Back on topic. The outfit worn in public often signifies one’s tastes, finances and preference as well as demonstrating the individual’s position in socially prescribed roles. A soccer mom looks like a soccer mom because articles of her appearance are characteristic of that role. She’s got a Subaru stationwagon/Dodge Caravan and it’s got a soccer ball sticker/air freshener on it and she’s wearing jeans and a grey hoodie and glasses and has short-medium hair. Her class status is apparent through these symbols. This nice lady’s choice of outfit is her expression of normality, but it’s a “loaded choice”. Everything in her life makes her a “soccer mom”, but she feels as though it was her decision to become one. And perhaps she holds a certain sway in the matter through her decisions regarding other aspects of her life (i.e. what kind of car to buy), but in the end, her decisions reflect her identity, rather than her choosing her identity directly. If she suddenly decided, “I want to be a scene chick!”, no one would take her seriously; her image is not easily transferable. She would be far too busy rockin Tumblr and screaming at shows to ever take her kids to practice. The subcultures display codes of their own, that directly contrast each other.

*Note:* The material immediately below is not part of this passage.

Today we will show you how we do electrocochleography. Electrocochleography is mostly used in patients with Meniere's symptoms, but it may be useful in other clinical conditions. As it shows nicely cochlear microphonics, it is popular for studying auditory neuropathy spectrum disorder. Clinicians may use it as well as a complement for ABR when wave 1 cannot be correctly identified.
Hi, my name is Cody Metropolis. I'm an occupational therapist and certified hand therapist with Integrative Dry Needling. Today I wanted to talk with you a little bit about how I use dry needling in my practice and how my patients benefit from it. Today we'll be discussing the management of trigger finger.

I haven’t even brought up Hebdige yet. But I’ve been bringing up a few of his points. Hebdige gets really insightful in the second half of Subculture: The Meaning of Style. He’s talking about juxtaposition. So here’s a formula: Object + Meaning = Sign. Got it? Now, signs are generated, assembled and relocated by subcultures. So when a subculture takes multiple objects and juxtaposes them with meaning, we get signs that point us to conclusions. When it comes to clothing, these signs point to the wearer’s identity. So when someone takes a cross, an icon of Christianity, and combines it with a necklace, they have created a wearable sign, pointing viewers to the conclusion that the individual is Christian. The punk subculture is unique here, because their signs don’t always have intended conclusions. They often have intended results, but the concepts that the sign represents may be irrelevant. Two examples: The swastika and the bike part braclet. Wearing a swastika incites anger because of the acts committed by those wearing the symbol. It isn’t worn because punks are fascists, it’s worn because you won’t like it. The bike chain bracelet doesn’t mean the punk is a cyclist, it means they’re unconventional, which is a pretty vague term. The signs don’t show a way, they are intentional means of evoking a reaction. Hebdige summarizes this “unfashion” with a great moniker: “If the cap doesn’t fit, wear it.”

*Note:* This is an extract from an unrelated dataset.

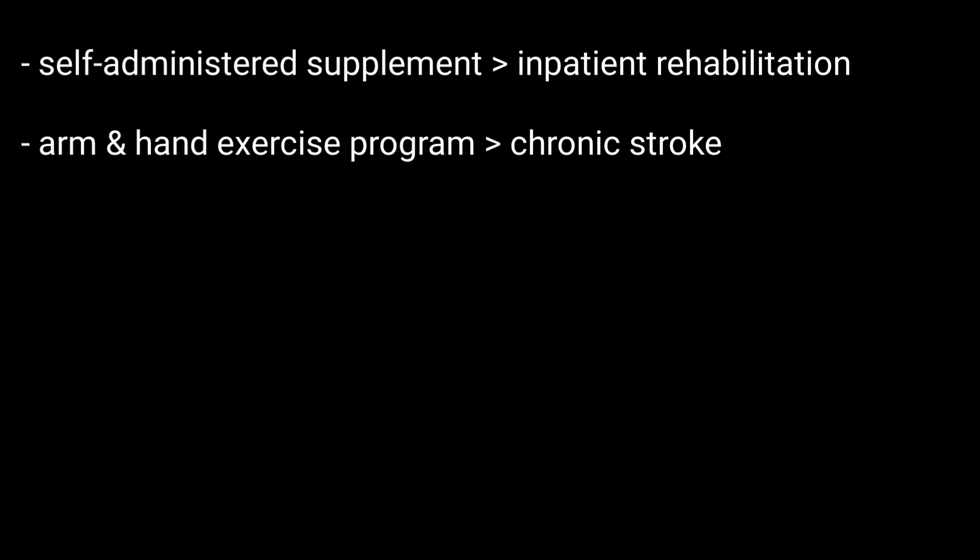GRASP, or Graded Repetitive Arm Supplementary Program, is a self-administered supplement program to inpatient rehabilitation. It is a self-directed arm and hand exercise program developed for chronic stroke patients.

What I find fascinating about rebellious subcultures, such as punks, hippies and the more recent hipster culture, is that their intent of being anything but normal (re)defines what normal is. What happens when the icons of hipster culture become ‘normal’ or ‘mainstream’ as they are already?

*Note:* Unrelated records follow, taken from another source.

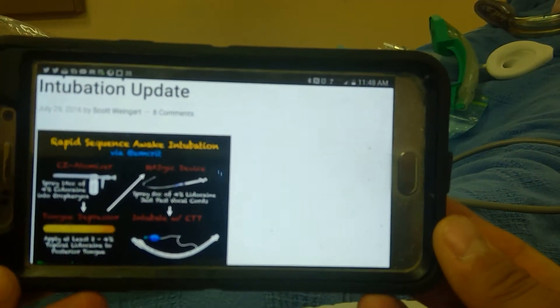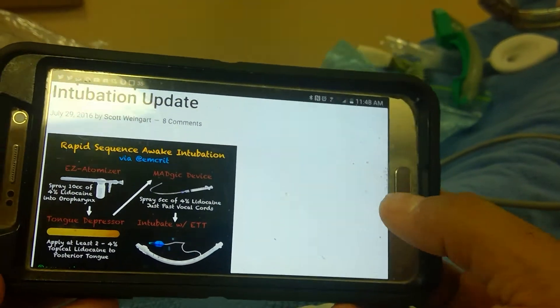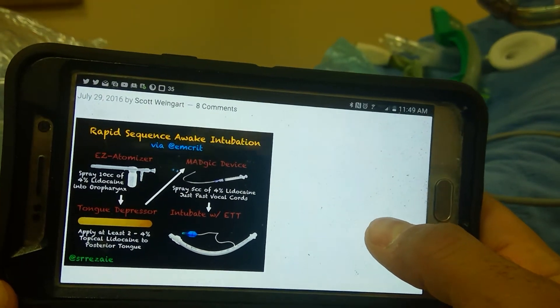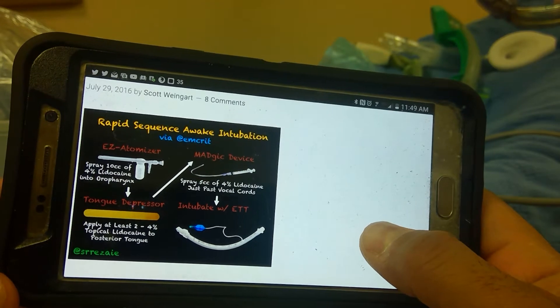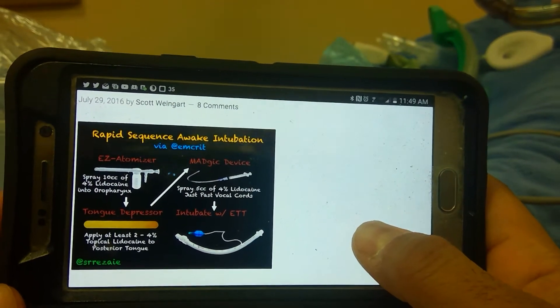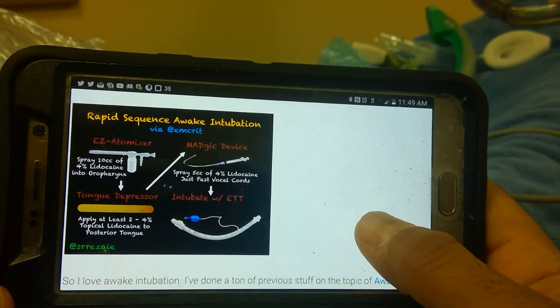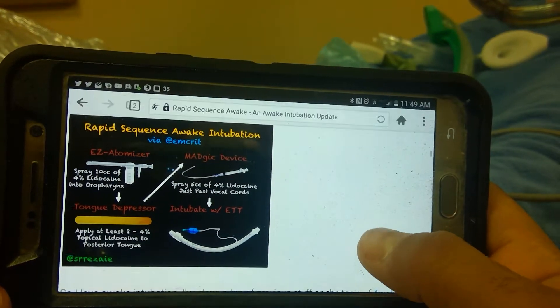Continuing the conversation — this is my project: getting a magic device, an easy spray atomizer, and getting this lidocaine that we either have in our pharmacy or order online, to topicalize patients for an awake intubation.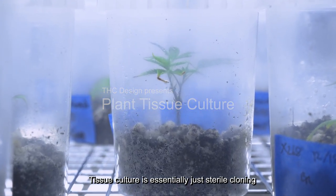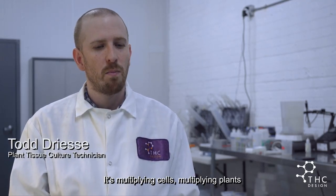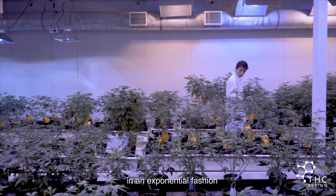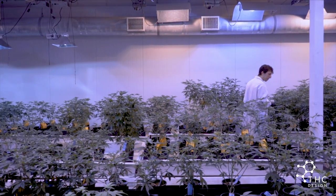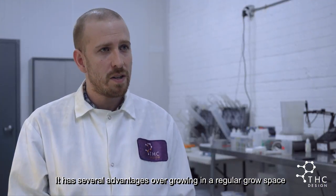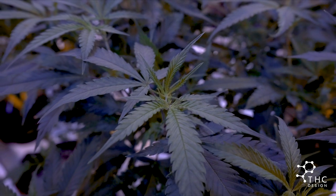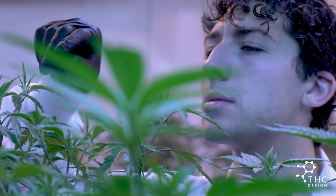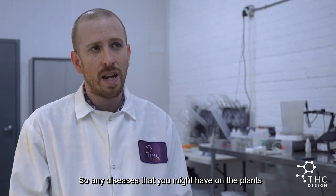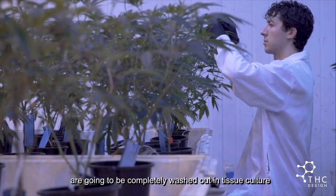Tissue culture is essentially just sterile cloning, just to put it in growers' terms. It's multiplying cells, multiplying plants in an exponential fashion. It has several advantages over growing in a regular grow space. One of them is that you're not using as big of a space. Other advantages are that it's completely sterile, so any diseases that you might have on the plant are going to be completely washed out of tissue culture.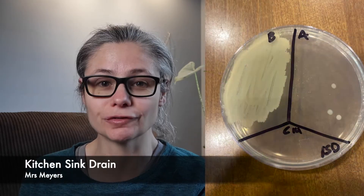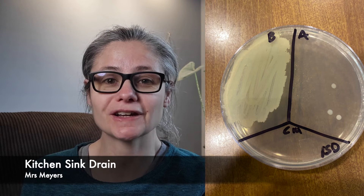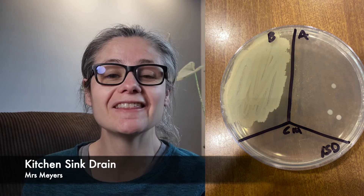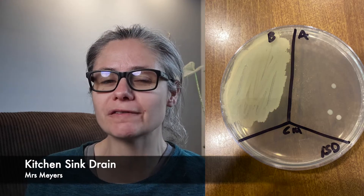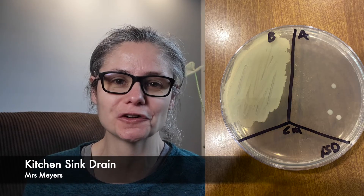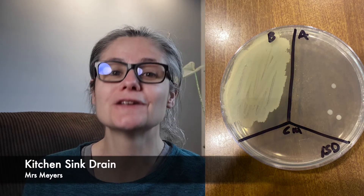The kitchen sink drain. The before section has a ton of bacteria — it's a huge smearing of bacteria. And in the after section, you can see three big visible bacteria, and there's also about half a dozen tiny bacterial colonies floating around there. So Mrs. Meyers does a great job at removing bacteria from my kitchen sink drain.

New rebellious subcultures. That’s what happens. An old rebellion against normality is trivialized and a new one forms. The expression through rupture, as Hebdige puts it, is constant, and frankly, I’m glad. There always needs to be a voice of opposition to provide that moment of “Wait, maybe they have a point. What if I’m wrong?” But that’s a sentiment for another post. I’m off to do something artsy.